GG: Se minha mãe não gostar de você, eu troco de mãe.

SS (rindo): Não fala isso nem brincando!

GG (com um olhar apaixonado): Tô brincando... mas não muito.

SS (enlaçando o braço no dele):

Então vamos, senhor Grissom. Vamos encantar sua mãe e o coquetel inteiro.

GG: Miss Sidle, esta noite você vai causar mais que qualquer evidência em um crime complicado.

Eles saem de casa de braços dados, prontos para enfrentar juntos mais um momento marcante — agora fora do laboratório, mas com o mesmo coração investigativo e cúmplice que os uniu.

Grissom estaciona o carro, mas antes de sair segura a mão de Sara.

GG (olhando nos olhos dela):

— Espera um pouquinho... tem algo que eu preciso te contar antes da gente entrar.

SS (um pouco surpresa):

— Tudo bem... o que foi?

GG:

— Lembra da época da explosão no laboratório, quando você me chamou pra sair e eu recusei?

SS: Lembro sim. Fiquei chateada… e até disse que nunca mais ia te convidar de novo. Por que está falando disso agora?

GG (respira fundo): Porque… eu recusei, mas não queria ter feito isso. Na verdade, tudo o que eu queria era sair dali com você, jantar, rir... Mas no dia seguinte eu tinha uma consulta médica — uma avaliação para uma cirurgia.

SS (confusa): Cirurgia?

GG: Não sei se você percebeu que às vezes eu parecia distante, ou te ignorava... você ficava brava e com razão. Mas não era por mal. Eu... (emociona-se e para por um instante)

SS (apertando a mão dele):

Gil... você não me respondia porque... não estava me ouvindo??

GG (assente, com os olhos marejados):

Descobri que tinha otosclerose. É uma doença hereditária que veio da minha mãe. Ela nunca fez a cirurgia, e acabou perdendo a audição. Eu fiz. E só a Cath sabia... porque ela foi ao hospital. Não consegui esconder dela.

SS (emocionada): Eu me lembro! Naquele caso do rapaz morto aqui mesmo, no Instituto, você usou ASL perfeitamente...

GG (sorri): Aprendi ainda criança, por causa da minha mãe. E queria te contar isso agora. Antes de você conhecer ela... antes de você saber pelas palavras de outra pessoa.

SS (com firmeza e carinho):

Gil... você podia — devia — ter me contado. Eu teria ido com você pro hospital, estaria do seu lado em cada momento. Se a cirurgia não tivesse dado certo, se você tivesse perdido a audição… eu não desistiria de você por isso. Nunca.

(pausa, com emoção nos olhos)

— Eu amo o homem Gilbert Grissom exatamente como ele é. Inteiro, imperfeito, e absolutamente brilhante.

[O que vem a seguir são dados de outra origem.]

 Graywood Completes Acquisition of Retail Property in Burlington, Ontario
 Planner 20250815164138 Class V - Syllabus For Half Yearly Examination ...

Grissom segura o rosto dela com carinho e a beija, com ternura e gratidão.

GG (sussurrando):

— Eu não sei o que fiz pra merecer você ao meu lado.

SS (sorrindo):

— Eu sei: você nasceu. E agora, vamos entrar. Tenho que agradecer à mulher que colocou você no mundo.

Eles descem do carro de mãos dadas, prontos para um novo capítulo.

Assim que entraram no salão elegante e decorado, alguns convidados logo vieram cumprimentar Grissom, reconhecendo-o de outras ocasiões. Entre apertos de mãos e acenos cordiais, Sara observava com discrição até que os olhos de Grissom encontraram os de uma mulher de presença marcante: sua mãe, Beth Grissom.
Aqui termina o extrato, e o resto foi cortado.